> **Task description**
Would you copy only the lines below, from the one containing "Soldering Wire" through the very last one, leaving the pictures out?

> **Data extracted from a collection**
#####
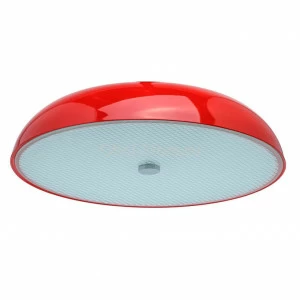 Потолочный светильник MW-Light Канапе 708010305 MW-LIGHT КАНАПЕ 201808 Красный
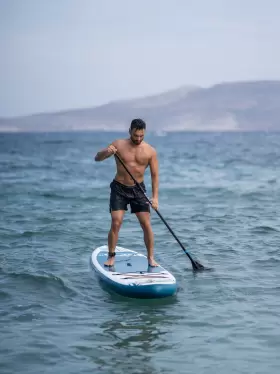 PA-AR03PS AQUA MARINA Pure Air Inflatable Paddle Board #3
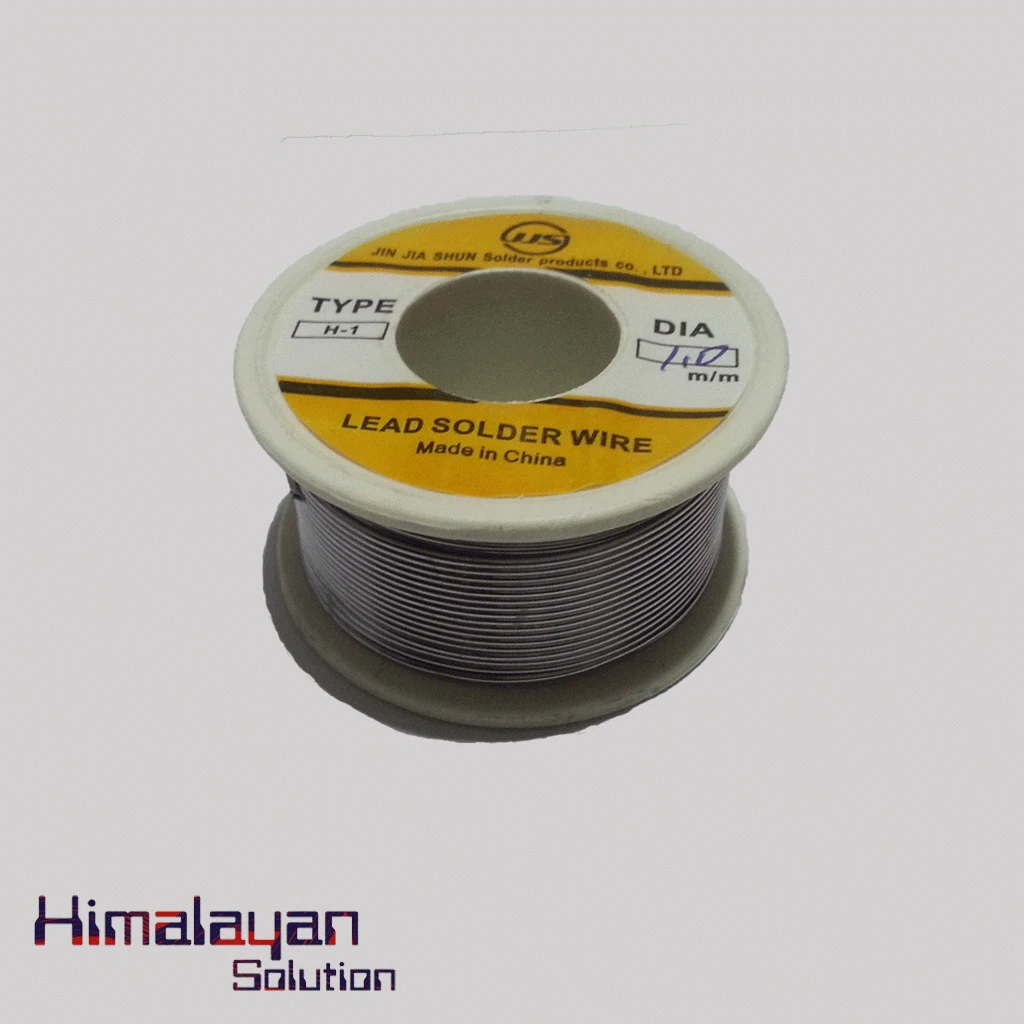 Soldering Wire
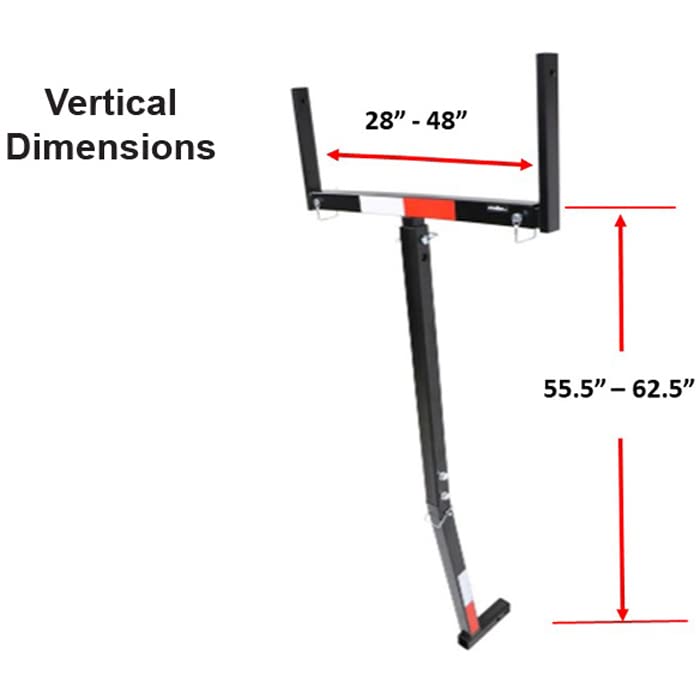 Axis Malone Truck Bed Extender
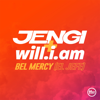 Jengi & will.i.am - Bel Mercy (El Jefe) artwork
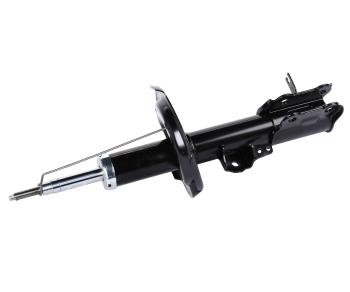 4 949 р. Амортизатор HYUNDAI i20 передний левый газовый MANDO MANDO ex546501j000 MANDO ex546501j000  с доставкой в г. Пермь. Увеличить фотографию 1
#####
> **Exercise output**
 Soldering Wire
 Axis Malone Truck Bed Extender
 Jengi & will.i.am - Bel Mercy (El Jefe) artwork
 4 949 р. Амортизатор HYUNDAI i20 передний левый газовый MANDO MANDO ex546501j000 MANDO ex546501j000  с доставкой в г. Пермь. Увеличить фотографию 1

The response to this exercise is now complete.